3. Based solely on the Organizational Documents, the Authorizing Resolutions and the Officer’s Certificate, the Securities and the Supplemental Indenture have been duly executed and delivered by the Company and have been duly authorized by all requisite corporate action on the part of the Company.

In addition to the assumptions, comments, qualifications, limitations and exceptions set forth above, the opinions set forth herein are further limited by, subject to and based upon the following assumptions, comments, qualifications, limitations and exceptions:

(A) We assume, if and to the extent relevant to our opinions, that, and our opinions do not address whether, any agreement, document, or instrument, the terms thereof, or any party’s (including the Company’s) obligations thereunder are legal, valid, binding, and/or enforceable.

(B) We express no opinion as to any party other than the Company.
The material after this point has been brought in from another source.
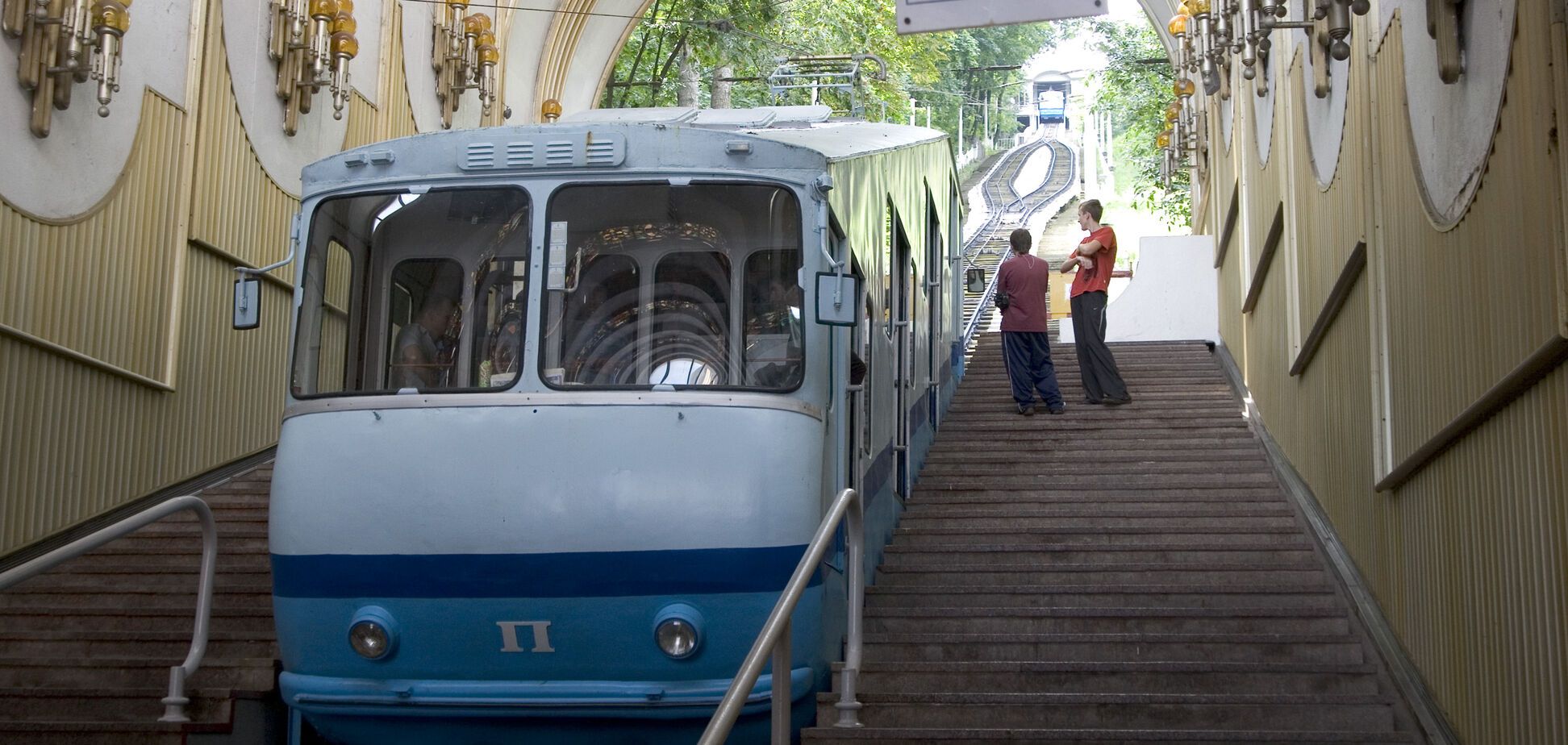 У Києві припинить роботу популярний вид транспорту: названа причина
(C) Our opinions are limited to the laws of the State of Missouri, and we express no opinion with respect to the laws of any other jurisdiction or as to any matters of county, municipal, city, township, or other local laws or the laws of any local agencies within any state (including, without limitation, the State of Missouri). We express no opinion as to any provisions purporting to indicate the state in which a document was executed. Our opinions do not relate to any statutes, rules, or regulations of the State of Missouri other than the Missouri statutes, rules and regulations that, in our experience, are normally applicable to transactions of the type referred to in the Shelf Registration Statement and to corporations doing business in the State of Missouri similar to that of the Company. To the extent that any matter as to which our opinion is expressed herein would be governed by the laws of any jurisdiction other than the State of Missouri, we do not express any opinion on such matter. The opinions expressed herein are subject to the effect of any judicial decision which may permit the introduction of parol evidence to modify the terms or the interpretation of agreements.
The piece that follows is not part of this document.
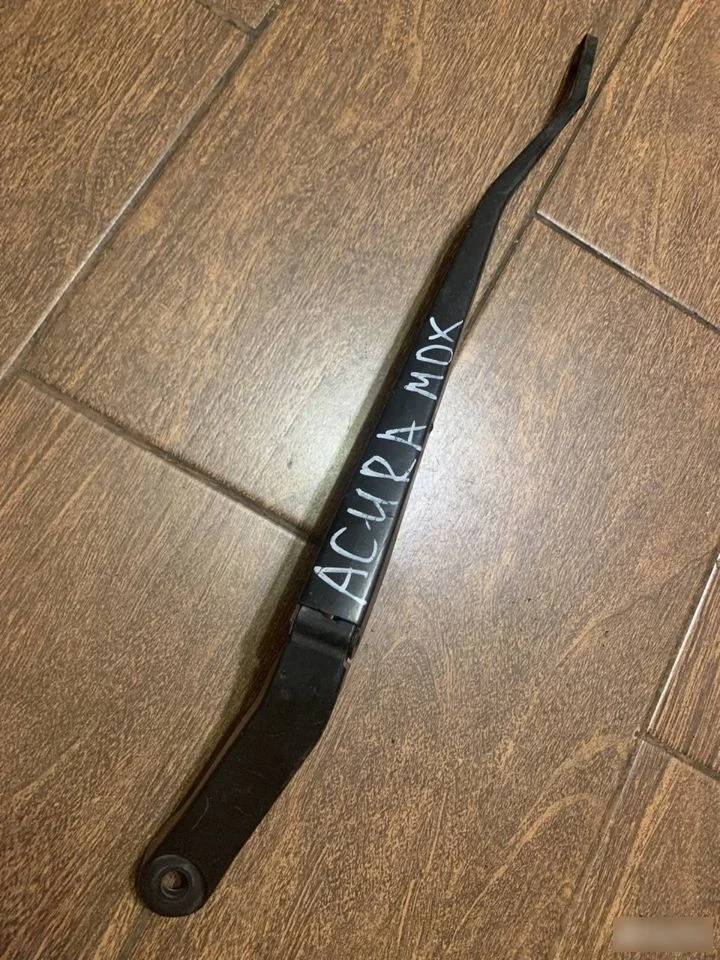 Поводок стеклоочистителя передний левый Acura MDX I (2000—2006)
(D) We express no opinion as to whether the Company’s directors or officers have complied with their fiduciary duties in connection with their approval of the Indenture and the transactions contemplated thereby.
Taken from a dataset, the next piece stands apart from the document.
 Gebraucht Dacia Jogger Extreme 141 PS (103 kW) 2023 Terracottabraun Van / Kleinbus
(E) We express no opinion regarding any certificate, document, or agreement necessary to complete the transactions contemplated by the Registration Statement, whether or not incorporated by reference therein or attached thereto.

(F) We do not express any opinion with respect to any law, rule or regulation that is applicable to any party to any document or the transactions contemplated thereby solely because such law, rule or regulation is part of a regulatory regime applicable to any such party or any of its affiliates as a result of the specific assets or business operations of such party or such affiliates.

(G) We express no opinion as to any financial matters or the financial condition of the Company or any other party. We express no opinion as to the effect of or compliance with any federal or state securities laws and “Blue Sky” laws.

 

ARMSTRONG TEASDALE LLP


Reinsurance Group of America, Incorporated

March 3, 2026

Page 4

 

The opinions expressed herein are given only as of the date of this opinion letter. We do not assume responsibility for updating this opinion letter as of any date subsequent to the date of this opinion letter, and assume no responsibility for advising you of (i) any changes with respect to any matters described in this opinion letter or (ii) the discovery subsequent to the date of this opinion letter of factual information not previously known to us pertaining to the events occurring prior to the date of this opinion letter.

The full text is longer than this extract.